* **Task details**
Nothing but an exact copy is asked for: the lines in the material below from the one with "Infographic comparing static" through the one with "Deco 79 Wood", pictures excluded.

* **Data for this task**
******

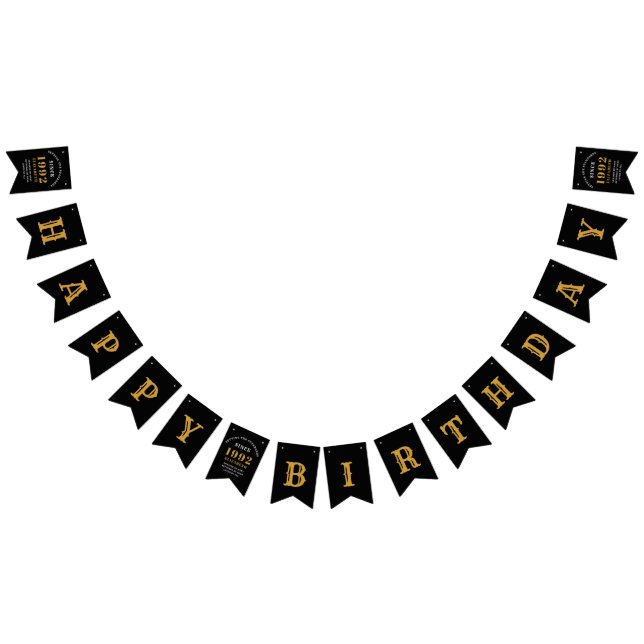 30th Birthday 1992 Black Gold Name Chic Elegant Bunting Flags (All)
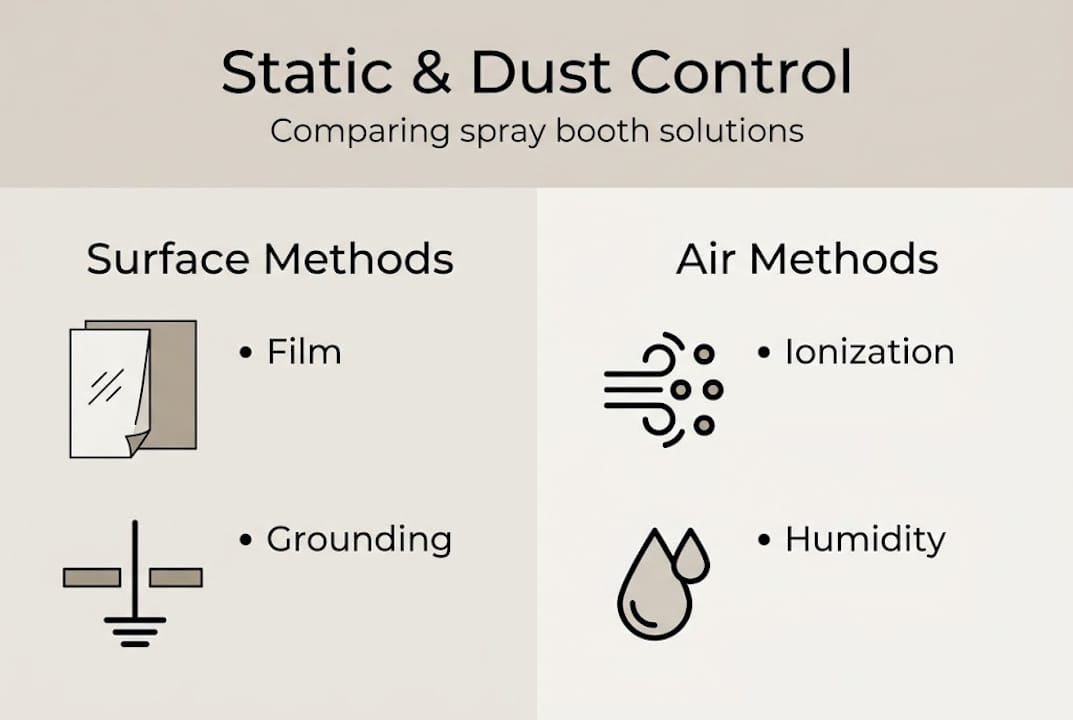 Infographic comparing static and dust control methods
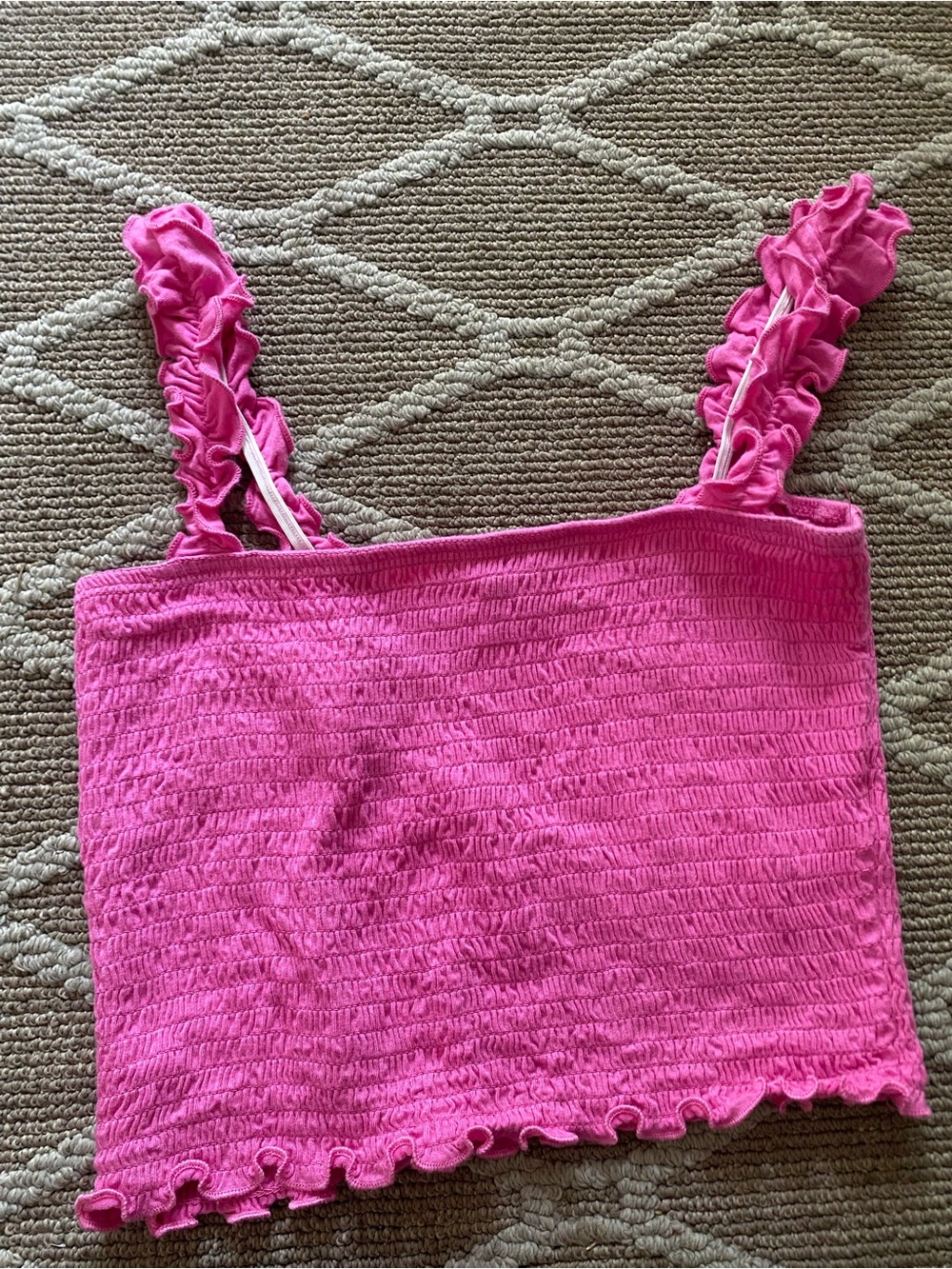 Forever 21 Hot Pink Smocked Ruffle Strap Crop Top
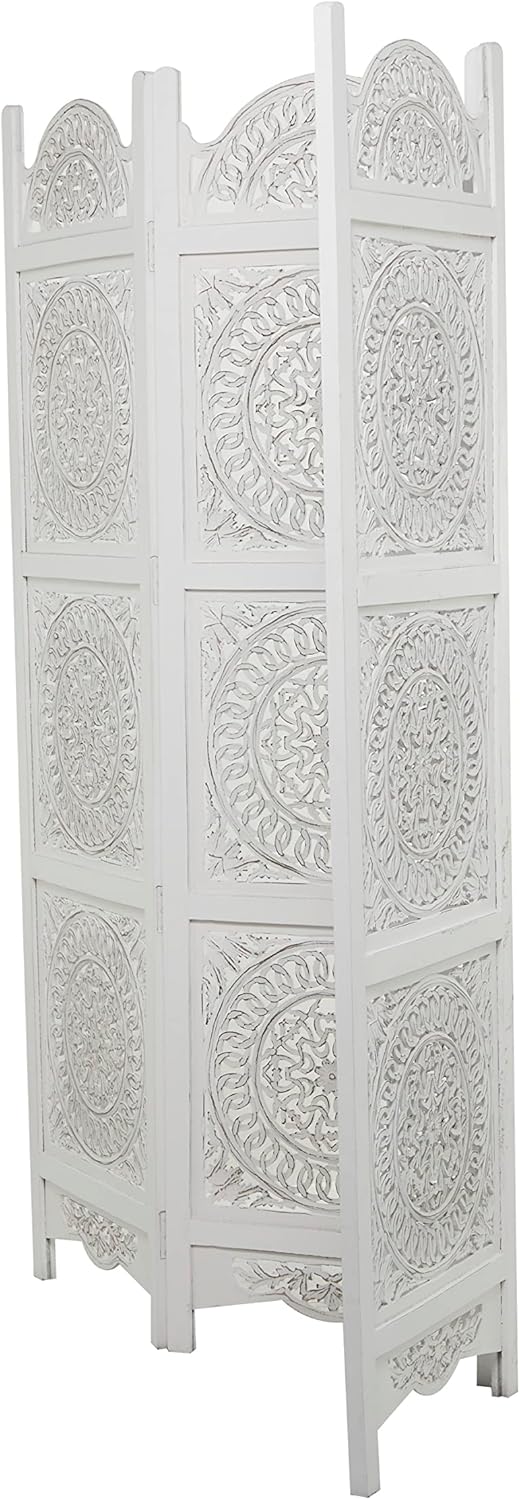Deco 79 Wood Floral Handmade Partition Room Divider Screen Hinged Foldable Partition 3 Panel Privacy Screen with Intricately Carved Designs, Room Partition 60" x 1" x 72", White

******

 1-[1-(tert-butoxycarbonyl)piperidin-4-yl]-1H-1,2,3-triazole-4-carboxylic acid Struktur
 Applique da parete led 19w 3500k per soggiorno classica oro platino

******

* **Worked solution**
 Infographic comparing static and dust control methods
 Forever 21 Hot Pink Smocked Ruffle Strap Crop Top
Deco 79 Wood Floral Handmade Partition Room Divider Screen Hinged Foldable Partition 3 Panel Privacy Screen with Intricately Carved Designs, Room Partition 60" x 1" x 72", White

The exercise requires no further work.